--- REQUIRED ACTION ---
Could you restate the entries below word for word and leave out the pictures?
____
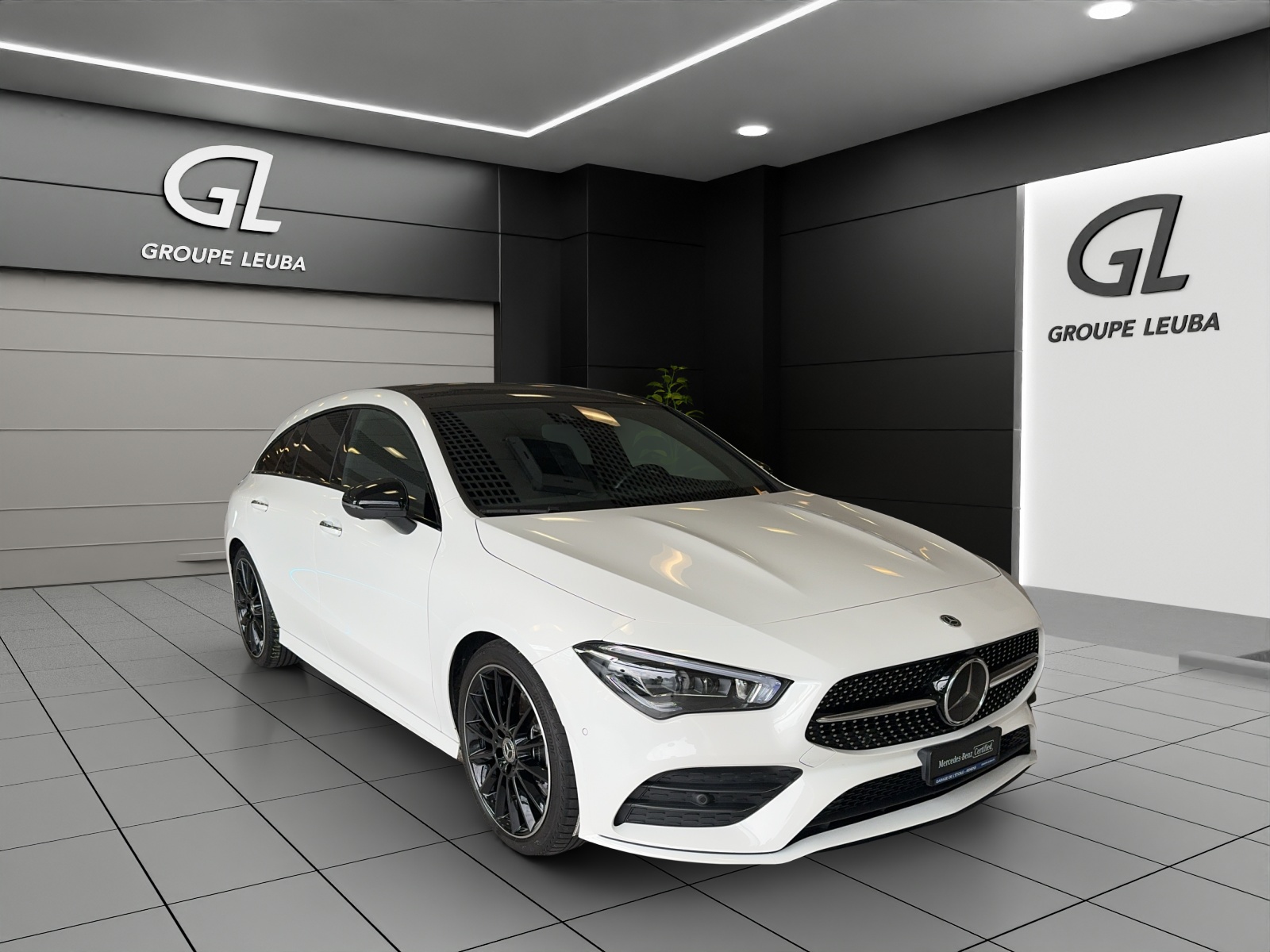 MERCEDES-BENZ CLA SB 200 AMG Line 7G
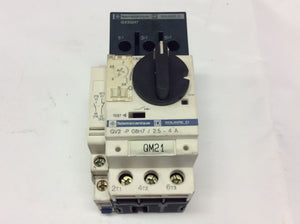 Telemecanique GV2-P08H7 With GV2GH7 & GVAN11 Motor Starter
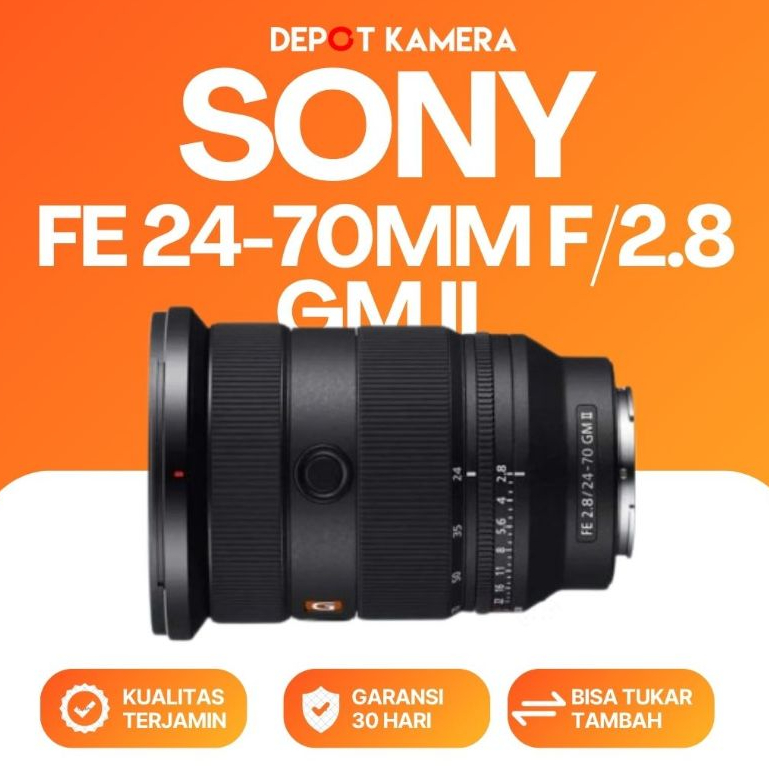 ( DEPOT KAMERA ) SECOND - SONY FE 24-70MM F/2.8 GM II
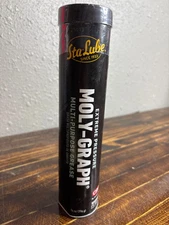 Lot of 2~Sta-Lube Moly-Graph EP Multi-Purpose Grease 14oz Cartridge CRC SL3310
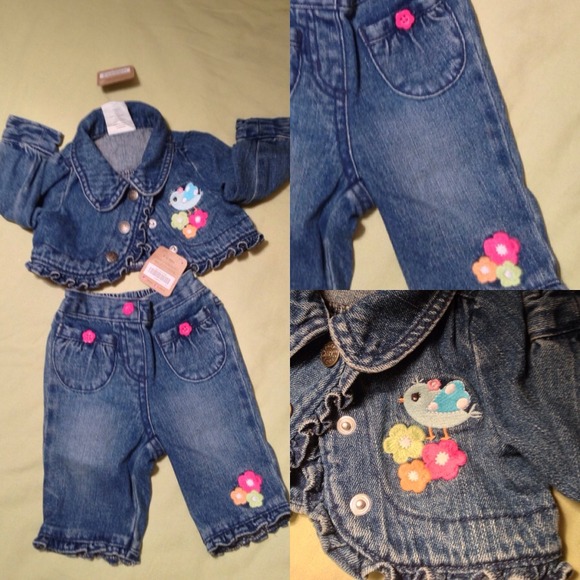Crazy 8 2 piece set NWT - Picture 1 of 1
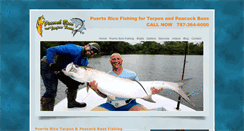 Desktop Screenshot of peacockbassandtarpontours.com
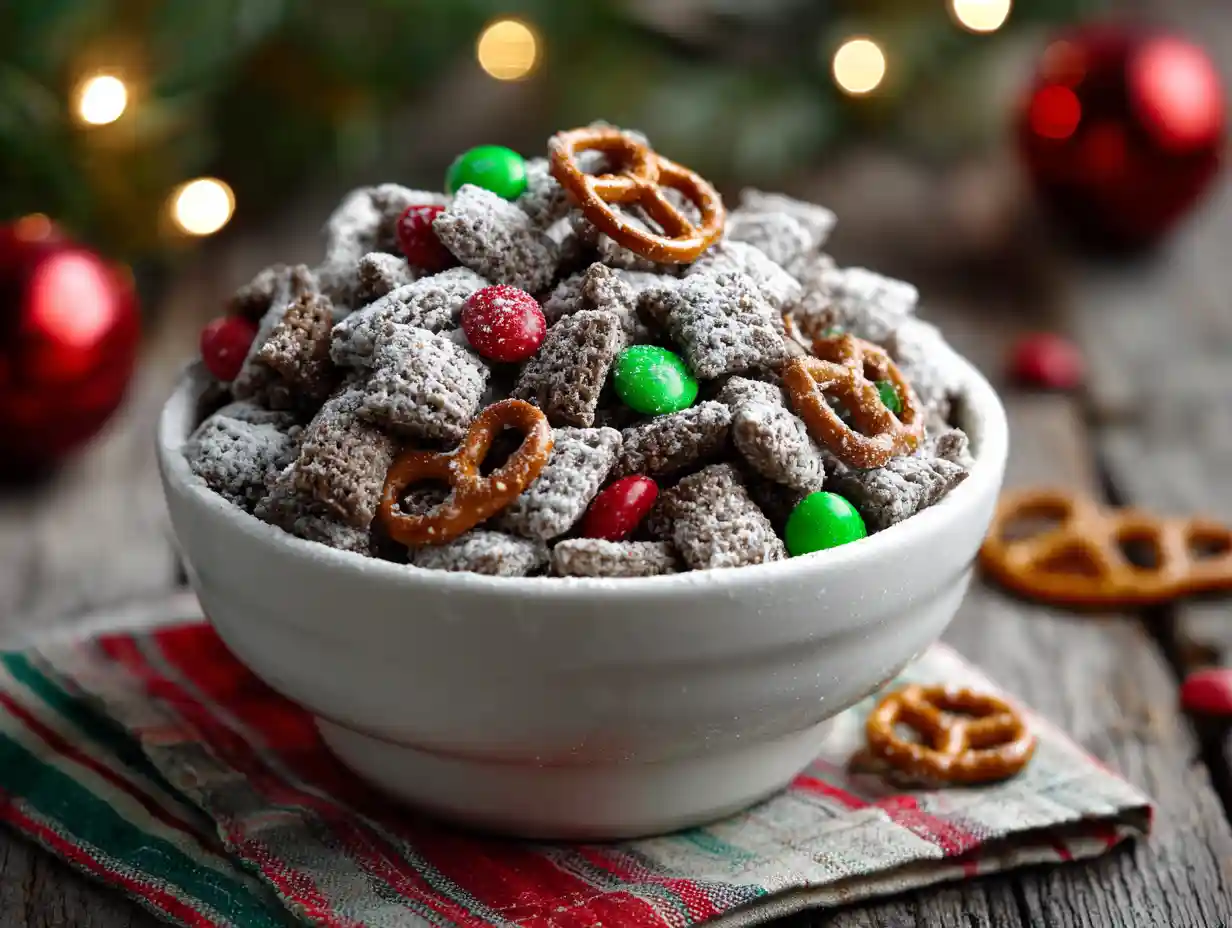 Christmas Puppy Chow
____
--- SOLUTION FOR THIS PROBLEM ---
 MERCEDES-BENZ CLA SB 200 AMG Line 7G
 Telemecanique GV2-P08H7 With GV2GH7 & GVAN11 Motor Starter
 ( DEPOT KAMERA ) SECOND - SONY FE 24-70MM F/2.8 GM II
 Lot of 2~Sta-Lube Moly-Graph EP Multi-Purpose Grease 14oz Cartridge CRC SL3310
Crazy 8 2 piece set NWT - Picture 1 of 1
 Desktop Screenshot of peacockbassandtarpontours.com
 Christmas Puppy Chow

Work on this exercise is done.